[[ INPUT DATA open ]]

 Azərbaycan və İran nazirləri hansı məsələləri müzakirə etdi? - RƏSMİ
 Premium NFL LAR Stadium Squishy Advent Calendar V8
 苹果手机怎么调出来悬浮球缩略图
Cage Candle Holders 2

[[ INPUT DATA closed ]]
[[ INPUT DATA open ]]

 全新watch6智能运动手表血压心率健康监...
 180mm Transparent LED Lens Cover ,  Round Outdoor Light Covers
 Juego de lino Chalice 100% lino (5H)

[[ INPUT DATA closed ]]

#### [YOUR OBJECTIVE]
Could you repeat exactly the lines in the listing above from the one with "Azərbaycan və İran" down to the one with "Cage Candle Holders 2"? Include both of those lines.

#### [ANSWER TO THE EXERCISE]
 Azərbaycan və İran nazirləri hansı məsələləri müzakirə etdi? - RƏSMİ
 Premium NFL LAR Stadium Squishy Advent Calendar V8
 苹果手机怎么调出来悬浮球缩略图
Cage Candle Holders 2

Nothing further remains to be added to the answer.